Lobatse High Court judge, Gabriel Rwelengera, is scheduled on 27 November to hear the National Amalgamated Local Central Government and Para-statal Workers Union, representing the Botswana Land board and Local Authorities Workers Union, argue against changes to its salary structures.
The unions want the Attorney General to set aside and review its decision contained in directive No 1 of 2009 dated 3 March 2009 in terms of which alterations were purportedly made to changes to salary structure that is applicable in the local government service.
They also want him to declare that such a decision of the Attorney General was of no force and effect.
Alternatively, the unions want the Attorney General to declare such decision to be inconsistent with Trade Union and Employers’ Act. The union, which will be represented by Tshiamo Rantao, complains mainly that in 2006 and early 2007 an organisation and methods exercise was carried out by the Department of Local Government Staff Management which brought about a new structure which was then approved for implementation.
They were all involved through representation in the reference committee that was responsible for the approval of the new structure which necessitated the carrying out of a job grading and evaluation exercise.
The exercise was carried out by a committee on which both the union and the local authorities were represented. Following the outcome of the job grading, and evaluation exercise, all government entities whose conditions of employment are governed by Unified Local Government were required to implement the new salary structure which was agreed by all concerned.
That the implementation of the new job grades and salary structure was to take effect from 1 September, 2007.but that on 10 March, 2009 the union and local authorities received a copy of the Local Service Management Directive No 1 of 2009 dated 3 March 2009.
In terms of the directive, all jobs at grade D2 and below will revert to the job grades which were applicable prior to the implementation of the 2006-\2007 job grades.
The old grades were made applicable with immediate effect. All future recruitments, promotions and appointments were to be made in terms of the old job grades.
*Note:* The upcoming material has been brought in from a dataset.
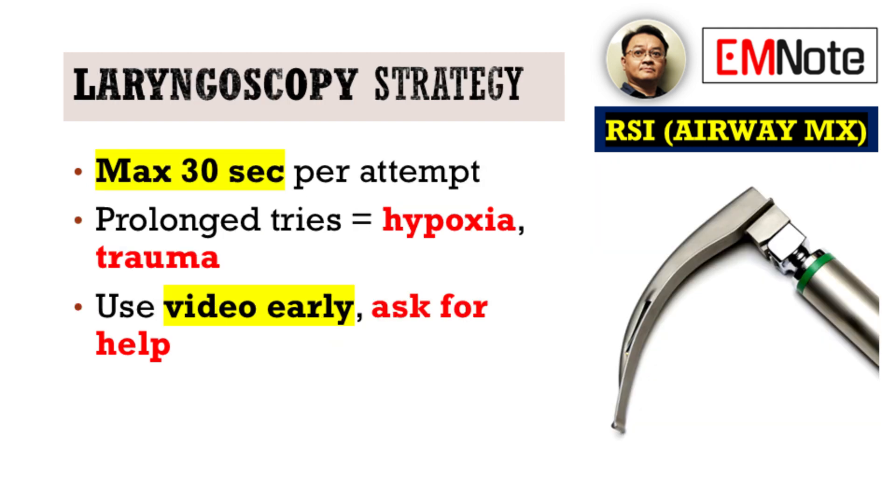Once you're at the laryngoscopy stage, extended attempts are your enemy. Prolonged laryngoscopy attempts directly contribute to hypoxia and airway trauma. Each attempt should be under 30 seconds. And critically, don't hesitate to use video laryngoscopy early and call for experienced assistance if needed. Your patient's oxygen saturation is a finite resource.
Employees who were employed by the establishment secretary prior to 3 March 2009 would continue to receive salaries to which they were entitled under the new job grades agreed by the union following the job evaluation exercise.
In view of the fact that the new job grades were a product of a joint decision making consensus, the union had a reasonable expectation that they would be given an opportunity to make representations before any prejudicial changes could be made.
But they were not given such an opportunity and that makes the directive contained in the directive illegal on this count alone.
It is apparent from the face of the directive that the establishment secretary did not exercise his independent judgement in making the decision and that he was simply implementing the decision that was dictated by Cabinet.
This renders his decision unlawful in view of the fact that that the establishment secretary is the only person empowered to make decisions with respect to applicable job grades in the local government service.
Further, the unions argue that this decision brings about unfair discrimination between employees because persons employed after 1 March 2009 will continue to be paid in terms of the revised grades whilst persons employed subsequent to that will be paid in accordance with the old jobs grades.
This, Rantao will submit, brings about a disparity of pay between employees doing the same job and that this differentiation is irrational and gives rise to a claim of unfair discrimination.
Alternatively, the decision is null and void and inconsistent with labour laws which require that an employer must negotiate with a trade union prior to implementation of any changes to an item that is negotiable which includes salary structure, job grading and evaluation.
In implementing changes to the applicable job grades and salary structures without prior consultations, the establishment secretary has acted unlawfully, and it follows that the changes by the directive were null and void, according to the unions.
In response to Rantao’s submissions, Boingotlo Toteng, representing the Attorney General, will submit that it is not true that the union and the local authorities were not consulted about the decision to withdraw the said Directive no 11\2007.
And that the decision to withdraw it was preceded by a process of broad based consultation involving both the union and the local authorities, including the office of the establishment secretary which was part of the process and its main driver.
Further, the union and the local authorities have agreed with the policy considerations behind the withdrawal of the said directive and agitated for it.
A meeting on the issue of Directive No 1 of 2009 was held at the office of the establishment secretary on 17 of February, 2009.